◆ **What is expected**
All lines in the records below from the line with "Там же на берегу" through the line with "Prunier myrobolan pourpre" are to be given again exactly, both ends included; the pictures are to be left out.

◆ **Source information**
=== Begin Enclosure ===
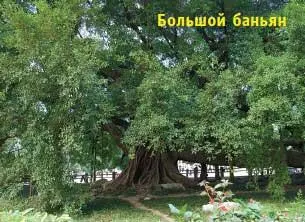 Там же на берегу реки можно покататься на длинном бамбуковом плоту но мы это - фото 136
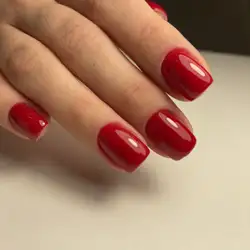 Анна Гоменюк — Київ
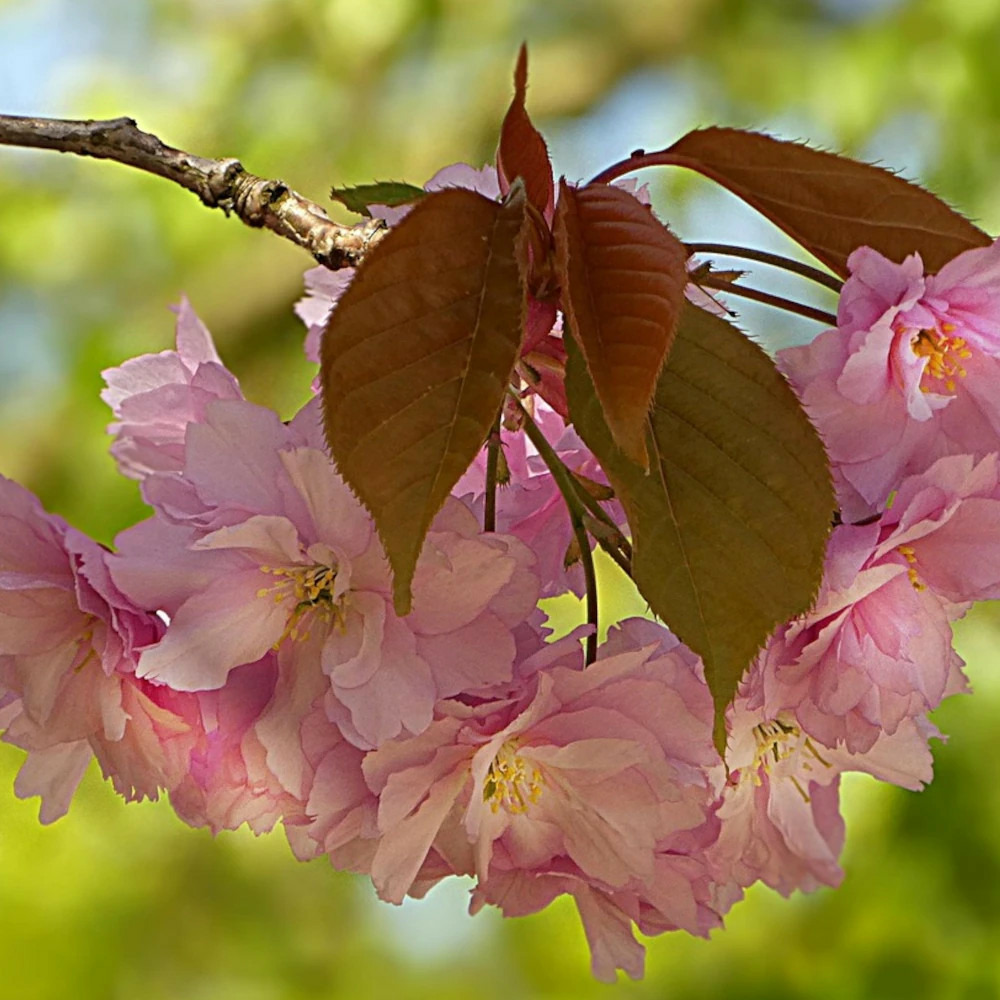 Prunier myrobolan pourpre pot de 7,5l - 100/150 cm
=== End Enclosure ===
=== Begin Enclosure ===
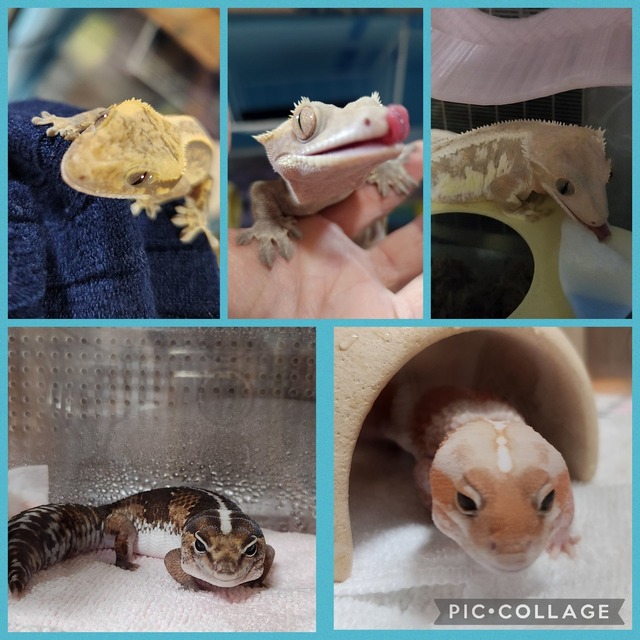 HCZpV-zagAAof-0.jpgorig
=== End Enclosure ===
=== Begin Enclosure ===
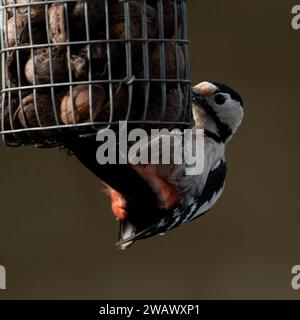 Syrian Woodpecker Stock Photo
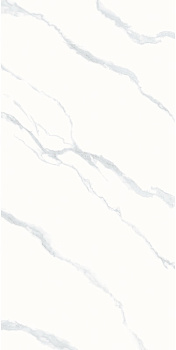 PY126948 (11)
=== End Enclosure ===
◆ **Task output**
 Там же на берегу реки можно покататься на длинном бамбуковом плоту но мы это - фото 136
 Анна Гоменюк — Київ
 Prunier myrobolan pourpre pot de 7,5l - 100/150 cm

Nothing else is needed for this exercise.